Reconstruction of cosmological models are inspired by generalization of the Chaplygin gas

Abstract

This paper considers models arising from the composition of the modified Gauss–Bonnet gravity (the Gauss–Bonnet invariant) and the general relativity (the Ricci scalar) against the background of a flat, homogeneous, and isotropic space-time described by the Friedmann–Robertson–Walker metric. Advantages arising from
applying a theory containing higher-order invariants (Gauss–Bonnet invariant) consist in the presence of additional degrees of freedom, which makes it possible to study the influence of small-order effects on the dynamics of the system under study, which are in search and confirmed by cosmological observational data.
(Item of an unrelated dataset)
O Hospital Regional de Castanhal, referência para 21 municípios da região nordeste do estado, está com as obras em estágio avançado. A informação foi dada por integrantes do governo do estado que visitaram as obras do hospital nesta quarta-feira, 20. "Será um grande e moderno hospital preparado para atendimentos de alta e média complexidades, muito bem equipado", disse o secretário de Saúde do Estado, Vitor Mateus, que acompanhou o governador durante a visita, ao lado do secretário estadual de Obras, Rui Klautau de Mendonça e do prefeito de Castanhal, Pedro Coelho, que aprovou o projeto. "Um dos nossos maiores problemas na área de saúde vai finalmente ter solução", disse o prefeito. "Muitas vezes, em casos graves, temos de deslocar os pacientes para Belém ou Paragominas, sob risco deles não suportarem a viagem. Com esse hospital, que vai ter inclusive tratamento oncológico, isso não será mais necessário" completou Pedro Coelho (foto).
We reconstructed two models with a power-law and exponential dependence on the Gauss–Bonnet invariant, where the model ansatz is a combination of the inverse Weierstrass elliptic function and the power-law function describing the Hubble parameter. This facilitates obtaining a quasi-Dieter law of the change of the scale factor in the initial and late epochs of the Universe. The application of the special function is inspired by generalization equation of state of the Chaplygin gas type, the Weierstrass gas. The application of the equation of state with such dependence makes allows obtaining a quasi-periodic universe. The equations of state are based on the Chaplygin gas are model equations of state and describe well the evolution of both the early and the modern universe. The obtained two particular models are investigated for the fulfillment of the energy conditions, which makes it possible to carry out analysis at a late stage of evolution of the universe and using perturbation theory covering the period of the early universe. For the power-law and exponential models, the perturbations of the Hubble parameter decrease in a finite time are shown, providing a way out of the inflationary stage of evolution of the universe.